▶ _The data_:
▬▬▬

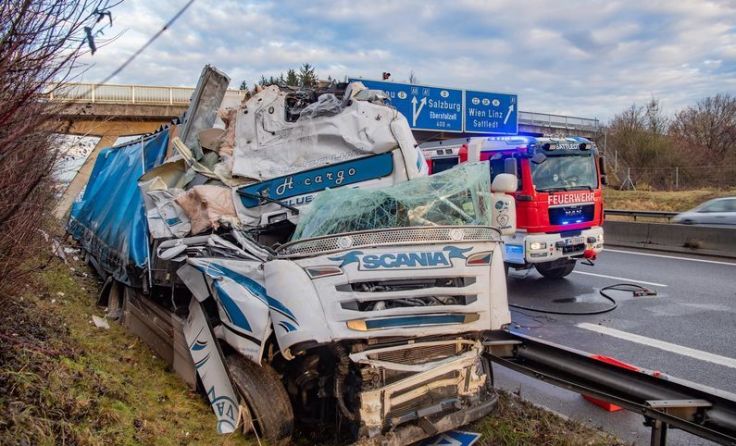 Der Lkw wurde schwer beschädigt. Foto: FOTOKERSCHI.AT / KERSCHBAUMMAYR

▬▬▬

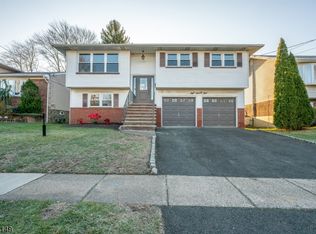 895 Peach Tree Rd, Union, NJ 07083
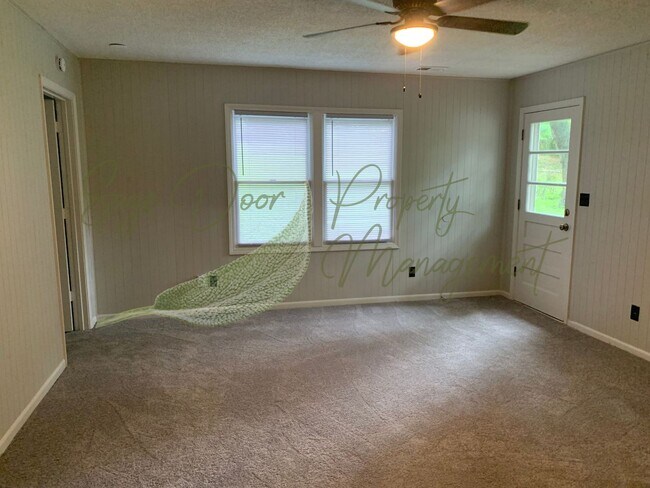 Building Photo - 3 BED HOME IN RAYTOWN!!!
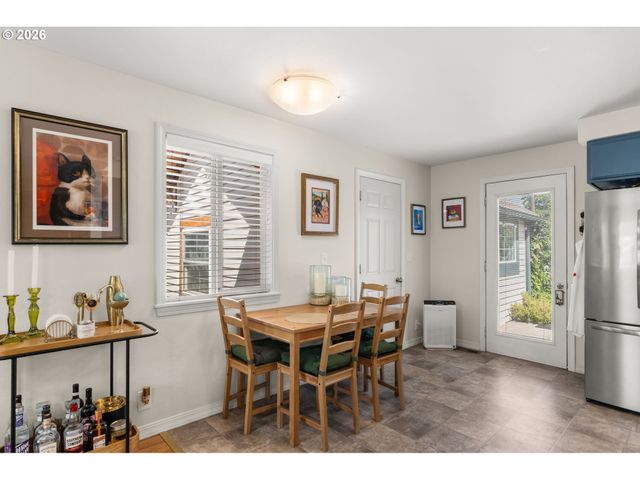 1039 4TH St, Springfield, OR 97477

▬▬▬

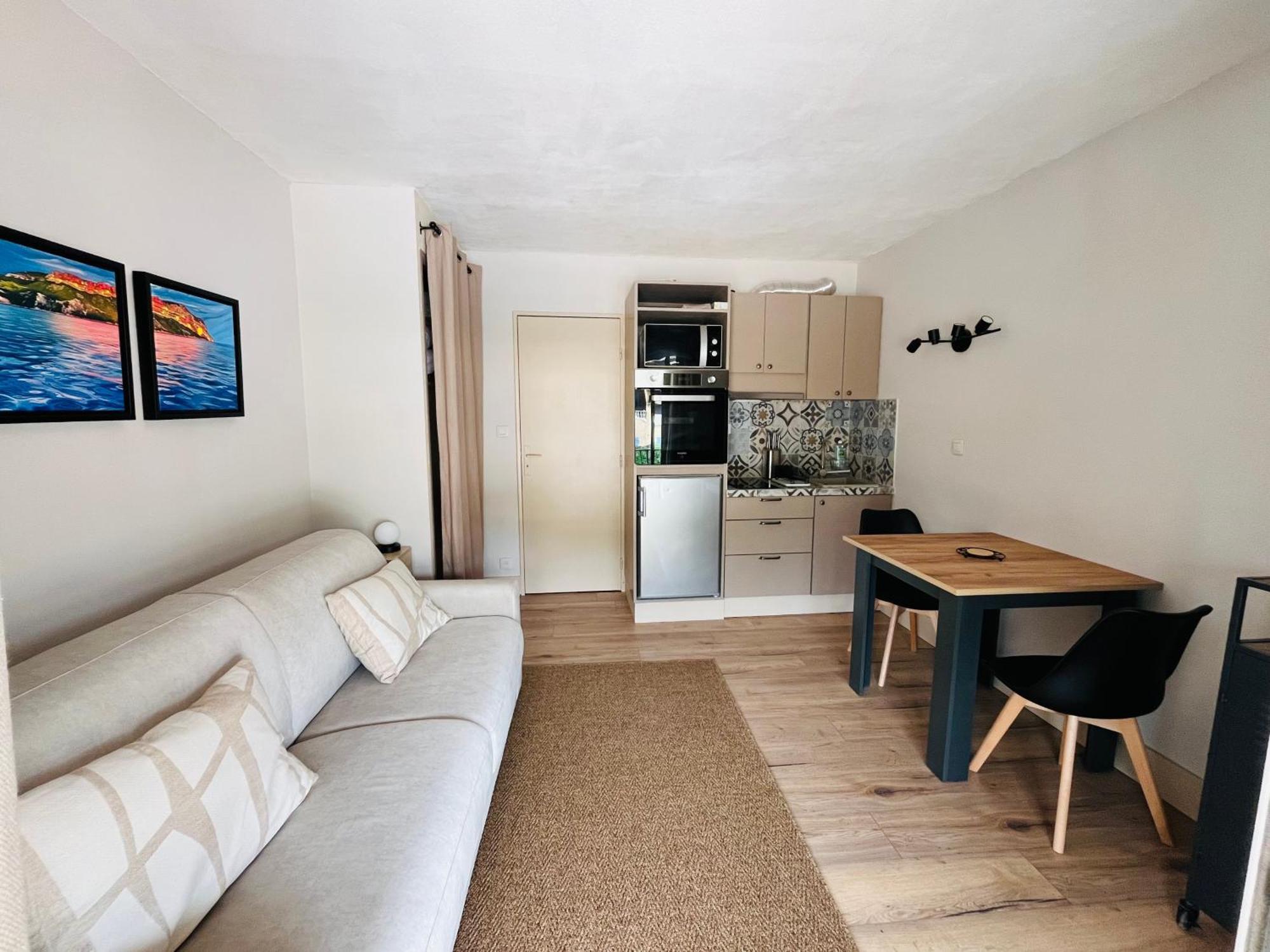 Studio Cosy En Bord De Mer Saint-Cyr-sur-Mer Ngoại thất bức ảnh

▬▬▬

Using the data above, return the lines from the one holding "895 Peach Tree Rd, Union, NJ 07083" through the one holding "1039 4TH St, Springfield, OR 97477" exactly, but not the pictures.

▶ _Response area_:
 895 Peach Tree Rd, Union, NJ 07083
 Building Photo - 3 BED HOME IN RAYTOWN!!!
 1039 4TH St, Springfield, OR 97477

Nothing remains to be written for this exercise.